Would you please repeat all of the data exactly, omitting the pictures?

• Supplied material
+++++

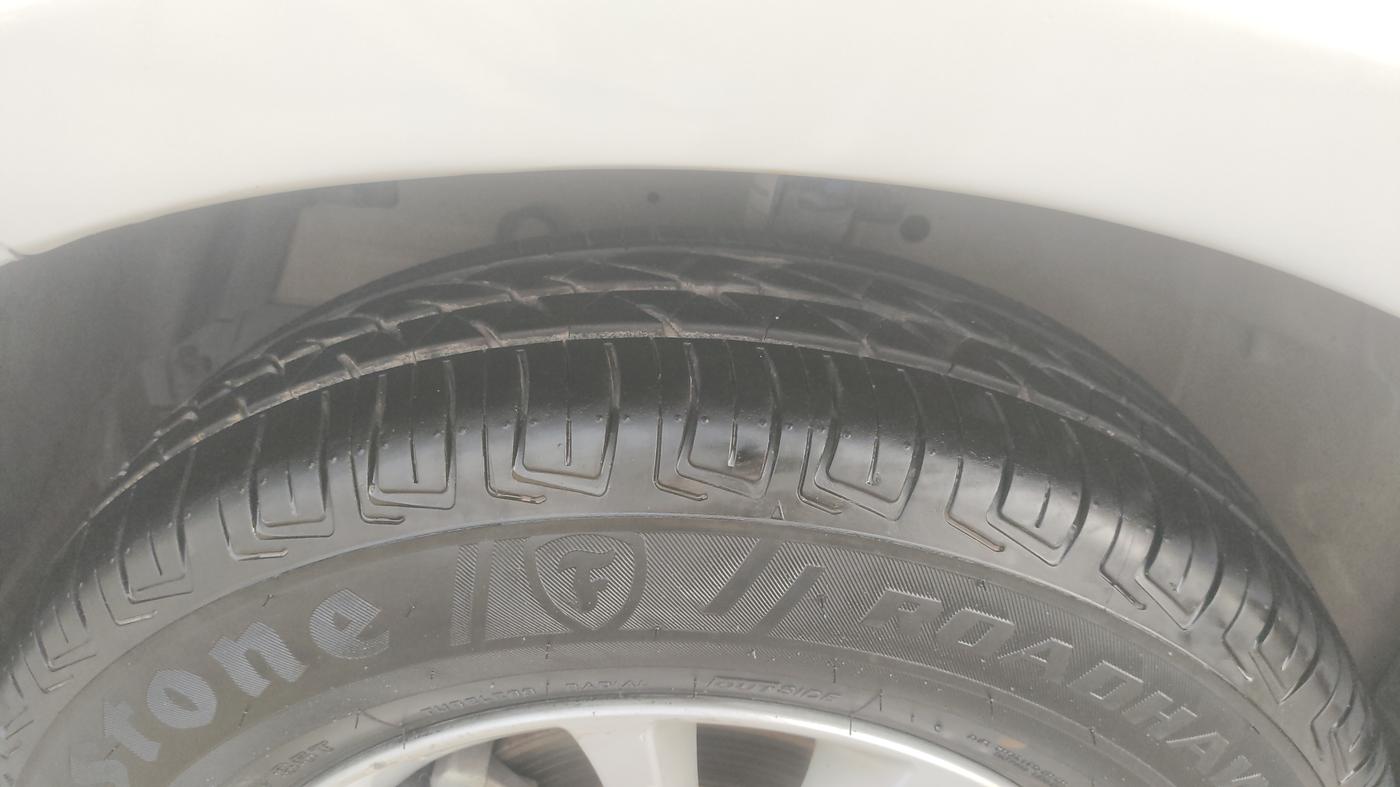 2014 Maruti Swift VXI, Petrol, Manual, 95,449 km, Left Front Tyre Tread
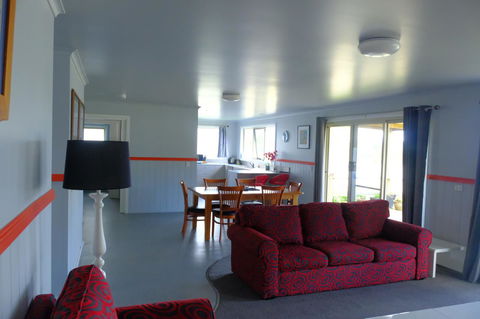 The Crays Accommodation - Hotel Gold Coast 2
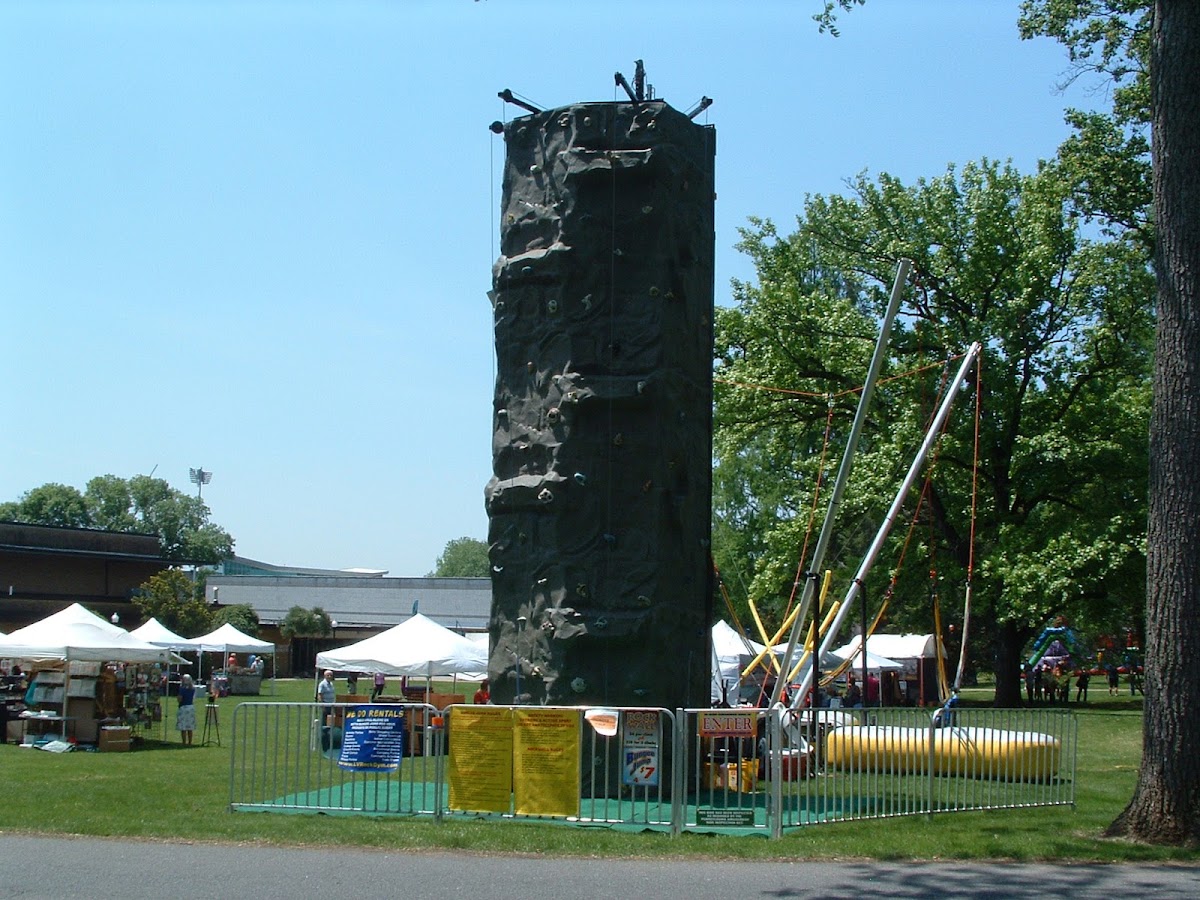 Lehigh Valley Rock Gym - Photo 3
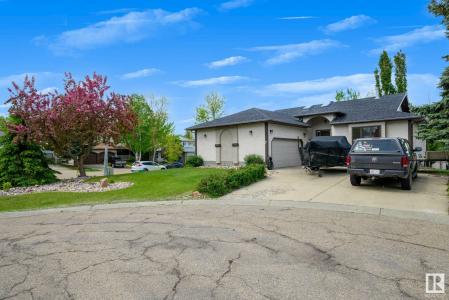7 FIELDSTONE COVE, Spruce Grove, Alberta T7X 3C1, Kanada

+++++

• Result of the exercise
 2014 Maruti Swift VXI, Petrol, Manual, 95,449 km, Left Front Tyre Tread
 The Crays Accommodation - Hotel Gold Coast 2
 Lehigh Valley Rock Gym - Photo 3
7 FIELDSTONE COVE, Spruce Grove, Alberta T7X 3C1, Kanada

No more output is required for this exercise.